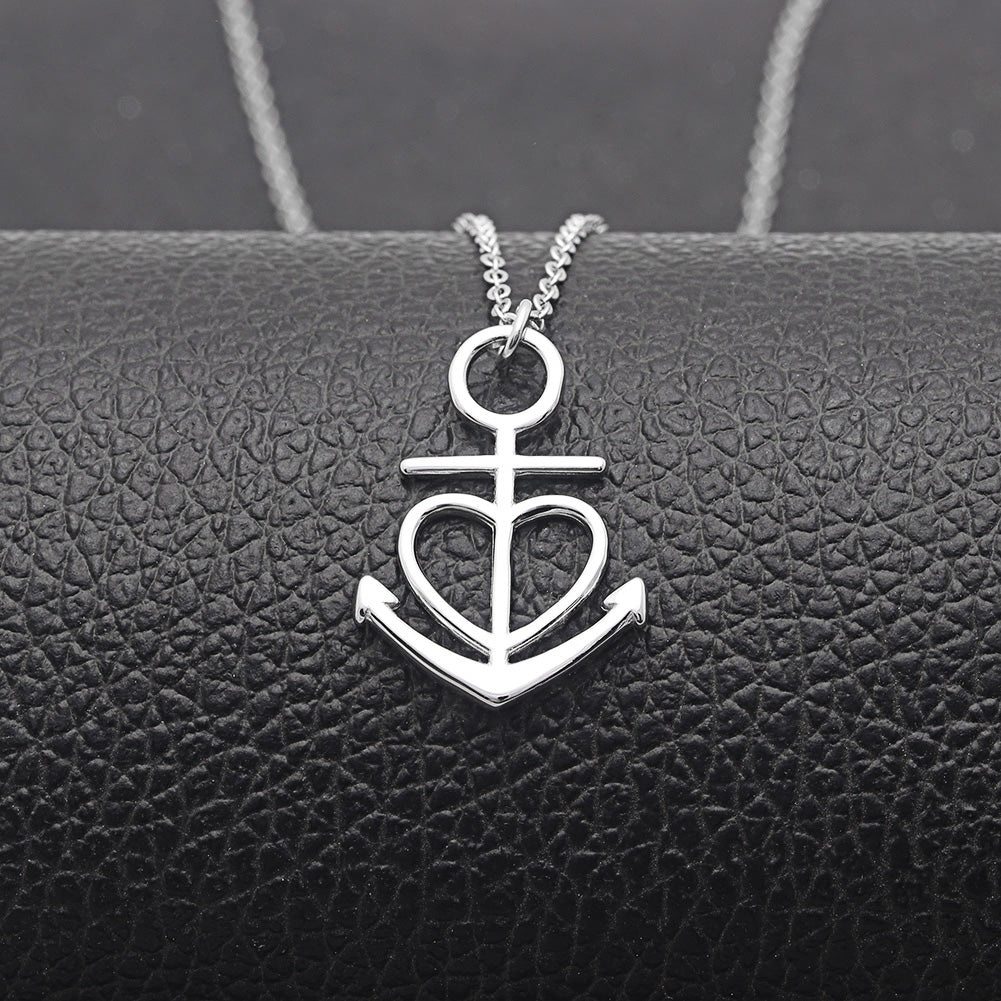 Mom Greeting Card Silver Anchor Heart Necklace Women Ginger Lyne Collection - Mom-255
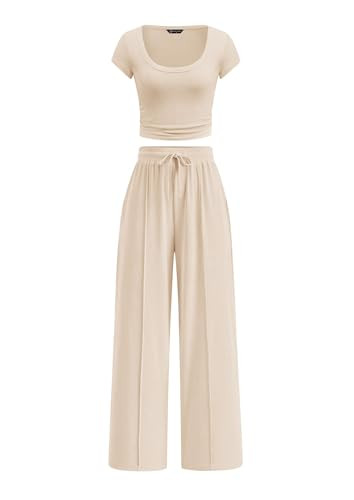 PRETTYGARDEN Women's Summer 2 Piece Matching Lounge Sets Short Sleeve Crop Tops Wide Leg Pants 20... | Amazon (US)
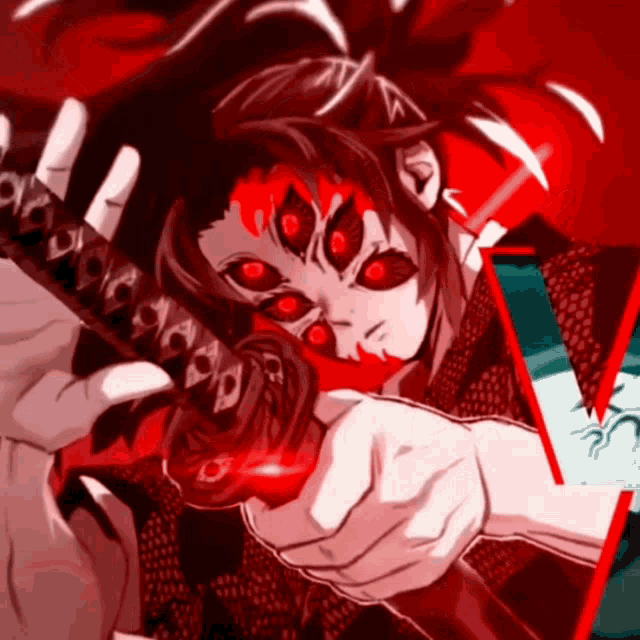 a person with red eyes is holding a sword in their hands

-=-=-=-=-

What is expected:
Write out the material above once more, word for word. Images stay out.

Answer box:
 Mom Greeting Card Silver Anchor Heart Necklace Women Ginger Lyne Collection - Mom-255
 PRETTYGARDEN Women's Summer 2 Piece Matching Lounge Sets Short Sleeve Crop Tops Wide Leg Pants 20... | Amazon (US)
 a person with red eyes is holding a sword in their hands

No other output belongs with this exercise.